Grid Inertia Measurement Trial At Australia’s Biggest Battery Storage Project

The Australian government is funding a trial of grid inertia measurement at the Victorian Big Battery, aiming to develop real-time, accurate assessments of the status of the network.
Thermal power plants – mainly coal – are due for widespread retirement across the country in the coming years.
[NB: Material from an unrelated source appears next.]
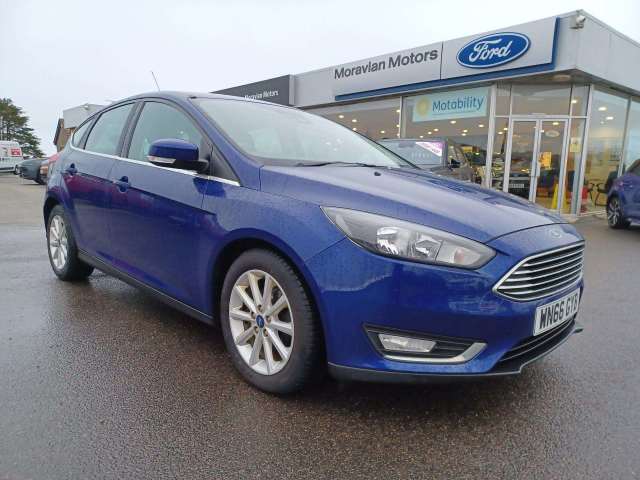 Ford Focus 1.0 Titanium Hatchback Petrol Blue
As well as replacing their energy capacity, one of their secondary functions, to provide inertia to maintain stability of the grid, also needs to be replaced.
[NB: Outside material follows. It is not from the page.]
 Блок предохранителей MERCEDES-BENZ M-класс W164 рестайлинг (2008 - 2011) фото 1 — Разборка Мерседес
Reactive Technologies, provider of a claimed ‘first-of-its-kind’ suite of measurement tools for grid function, has been awarded AU$1.43 million (US$0.96 million) by the Australian Renewable Energy Agency (ARENA) for the trial, which will run until March 2024.
The tech company, founded in Finland and the UK with offices in the US and Australia, is equipping the Victorian Big Battery with its GridMetrix data analysis software, and placing its Extensible Measurement Units (XMUs) on the grid.
Signals will be sent into the grid from the battery energy storage system (BESS), which at 300MW/450MWh is currently Australia’s largest asset of its type. The Reactive Technologies software will analyse data from the signals the XMUs measure, and the Australian Energy Market Operator (AEMO), overseer of the National Electricity Market (NEM) will be able to view real-time inertia values.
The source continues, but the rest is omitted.